Nearly half a million underprivileged Filipino families received much-needed rations of rice through a multi-million peso feeding program instituted by the Arroyo administration in the country’s daycare centers during the height of the global economic crisis last year, the National Anti-Poverty Commission (NAPC) announced recently.
NAPC Secretary Domingo F. Panganiban said the government distributed a total of 32.6 million kilograms of rice, worth around P652 million based on the cost estimates of the National Food Authority (NFA), to the families of some 496,704 pre-school children in state-run daycare centers during the 2008 to first half 2009 school year as part of the Food for School Program (FSP) under President Arroyo’s Accelerated Hunger Mitigation Program (AHMP).
“The Department of Social Welfare and Development (DSWD), led by Secretary Esperanza Cabral, distributed the rice through 13,764 daycare centers in 496 cities and municipalities nationwide,” Panganiban said.
NAPC Assistant Secretary Dolores de Quiros Castillo, AHMP focal person said the program was in step with the government’s aggressive implementation of the poverty alleviation and anti-hunger efforts in the pursuit of achieving the millennium development goals related to poverty reduction and education.
“All the municipalities and cities served under the DSWD’s 2008 to 2009 feeding program were located within Metro Manila and the 10 priority provinces which registered the highest levels of hunger in the Family Income and Expenditure Survey (FIES) as reported by the National Statistical Coordination Board (NSCB) in 2003,” Panganiban said.
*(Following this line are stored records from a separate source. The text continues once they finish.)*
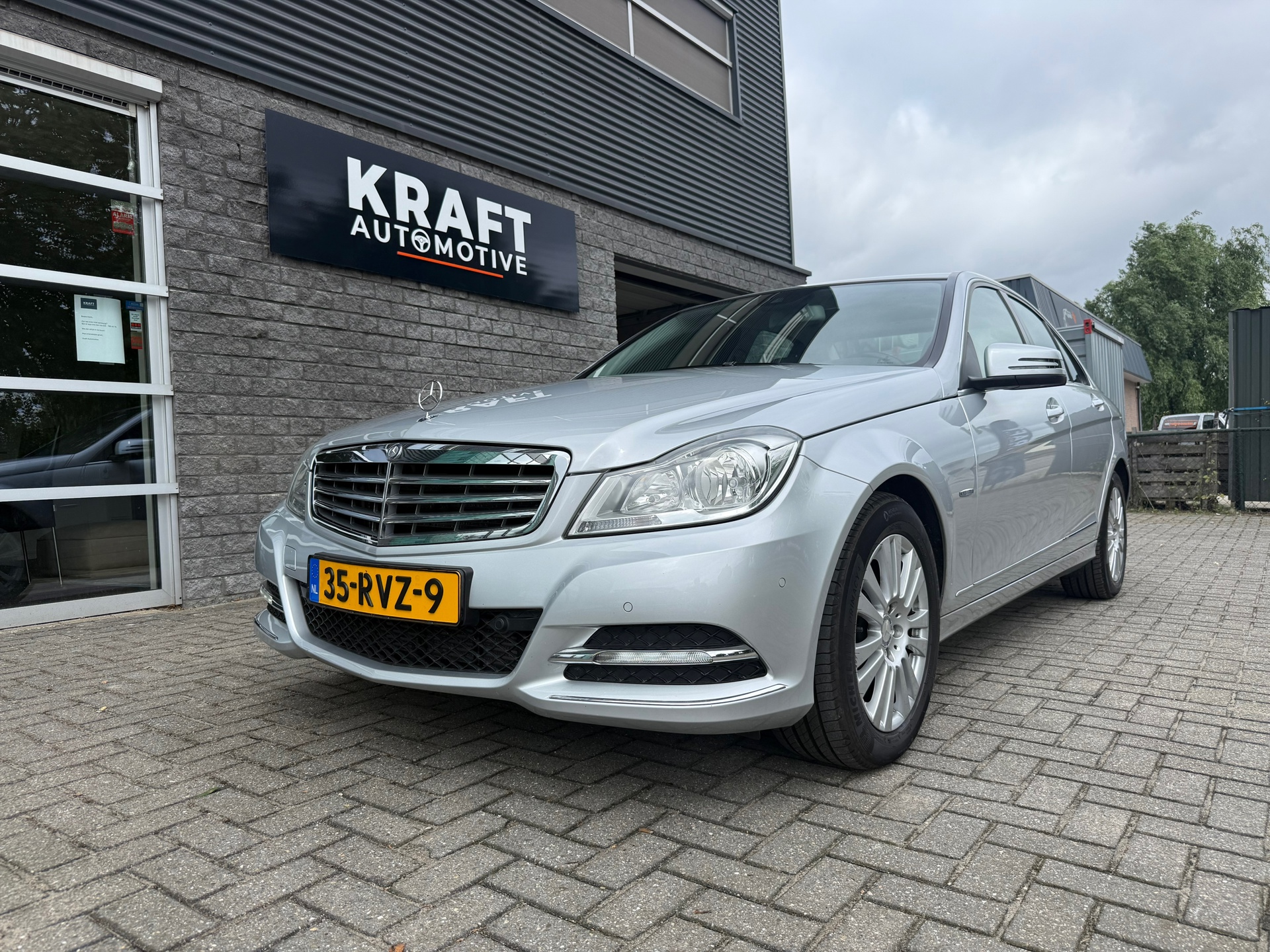 Foto van Mercedes-Benz C 180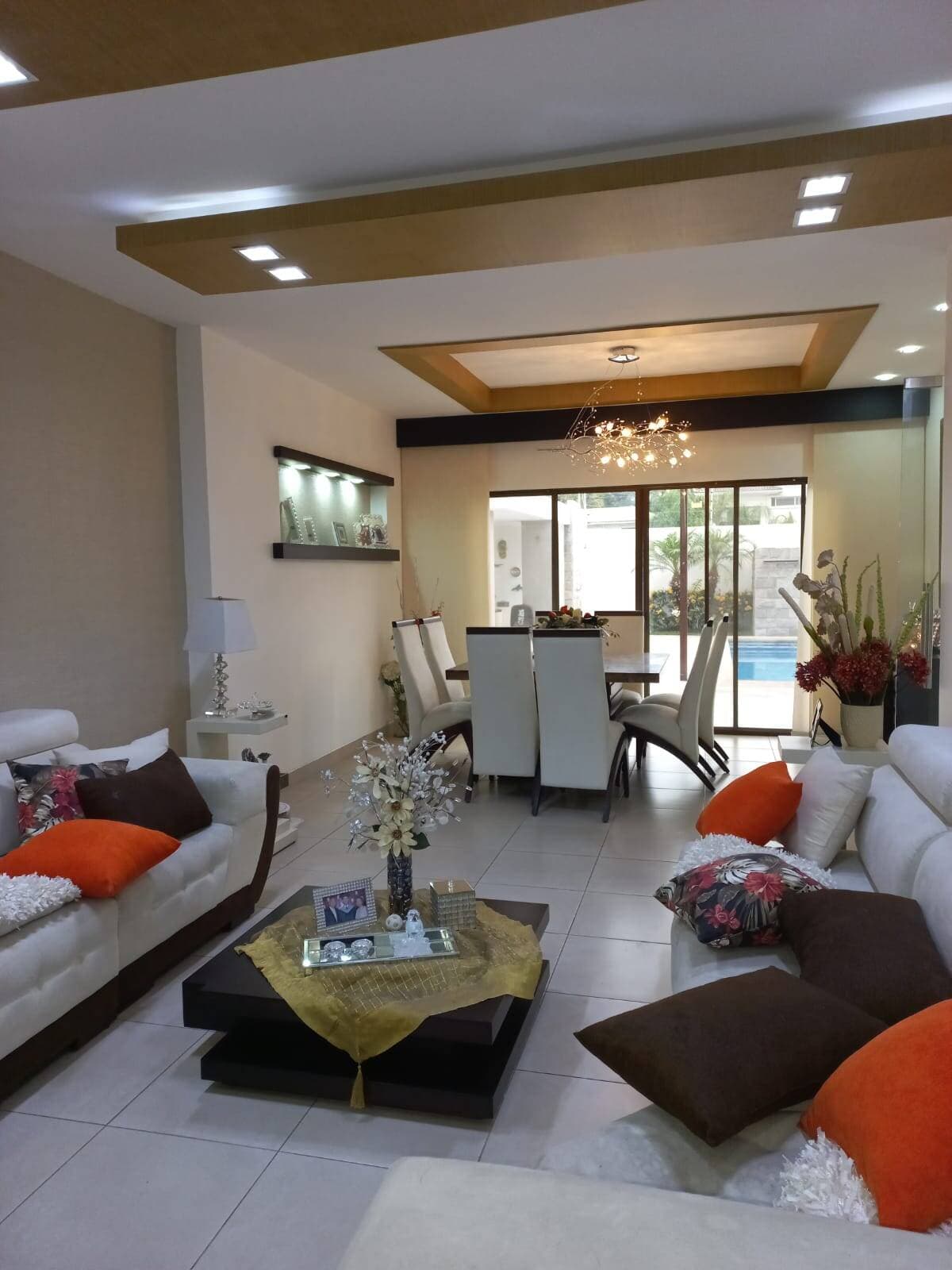 LINDA VILLA A LA VENTA EN ESTANCIAS DEL RÍO — foto 15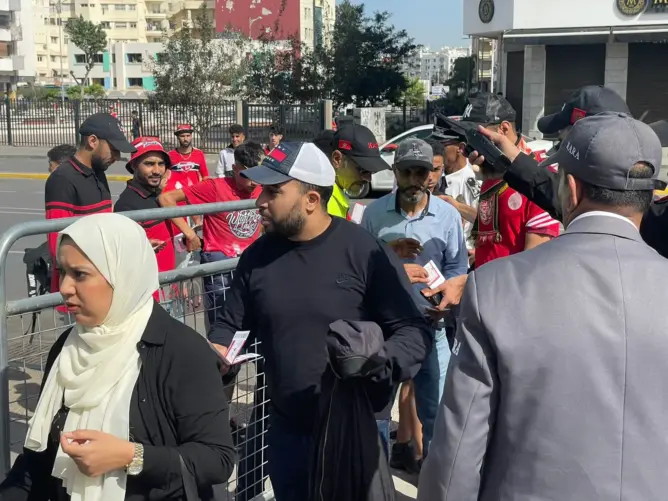 “ديربي البيضاء” يحبس الأنفاس .. استنفار أمني لتأمين مباراة الوداد والرجاء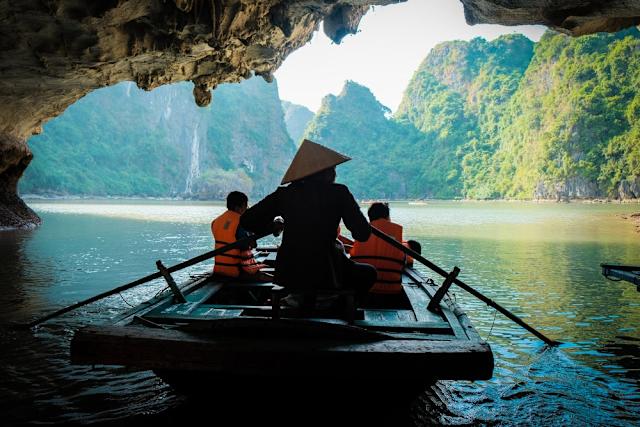Teaching English in Southeast Asia: Comparing Thailand, Cambodia, and Vietnam  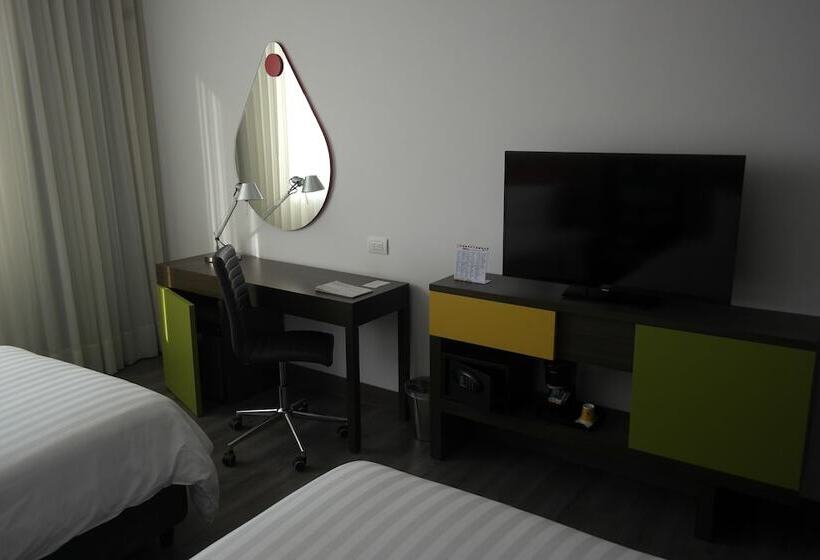 Номер Стандарт Адаптированный для Инвалидов, Hampton By Hilton Bogota   Usaquen
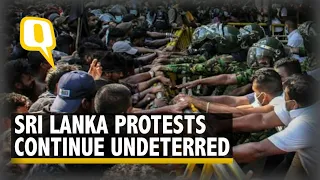 Sri Lanka Crisis | Thousands of Students Mob PM Mahinda Rajapaksa's House Over Economic Crisis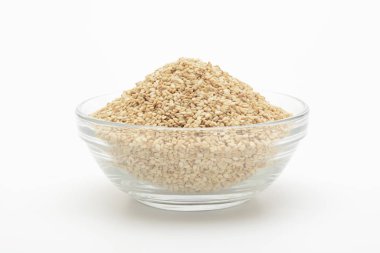 Cam bir kasede doğal susam.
The NAPC chief said most of the beneficiary families were located in Luzon. “Some 245,642 families in Luzon benefited from this AHMP priority program,” Panganiban said.
He said 94,698 families in the Visayas also received rations of rice under the nationwide anti-hunger effort as did another 156,364 beneficiary families in some of the poorest provinces of Mindanao.
“The National Nutrition Council (NNC), which oversees the AHMP, is now closely tracking the progress of the government’s continuing feeding programs as these are an important component of the President’s overall social reform agenda,” Panganiban added.
The 10 provinces which registered the highest number of food poor families in 2003 are Zamboanga del Norte, Masbate, Maguindanao, Agusan del Sur, Surigao del Norte, Mountain Province, Lanao del Norte, Camarines Norte, Sarangani, and Zamboanga Sibugay. A recent study conducted by the NNC meanwhile found that 49 of the country’s 81 provinces are food insecure.